What you are asked to do: Beginning with the first line of the data below, extract each line up to and including the one containing "1933-35 CHEVROLET NOS". Copy them exactly and add nothing.

Stored data entries

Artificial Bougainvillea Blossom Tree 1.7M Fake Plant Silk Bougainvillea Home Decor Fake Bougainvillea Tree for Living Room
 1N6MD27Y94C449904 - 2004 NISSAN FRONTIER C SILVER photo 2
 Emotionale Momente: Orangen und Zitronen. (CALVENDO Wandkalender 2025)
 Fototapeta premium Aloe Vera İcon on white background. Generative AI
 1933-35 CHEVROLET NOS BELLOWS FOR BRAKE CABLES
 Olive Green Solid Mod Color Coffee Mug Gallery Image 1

Written solution:
Artificial Bougainvillea Blossom Tree 1.7M Fake Plant Silk Bougainvillea Home Decor Fake Bougainvillea Tree for Living Room
 1N6MD27Y94C449904 - 2004 NISSAN FRONTIER C SILVER photo 2
 Emotionale Momente: Orangen und Zitronen. (CALVENDO Wandkalender 2025)
 Fototapeta premium Aloe Vera İcon on white background. Generative AI
 1933-35 CHEVROLET NOS BELLOWS FOR BRAKE CABLES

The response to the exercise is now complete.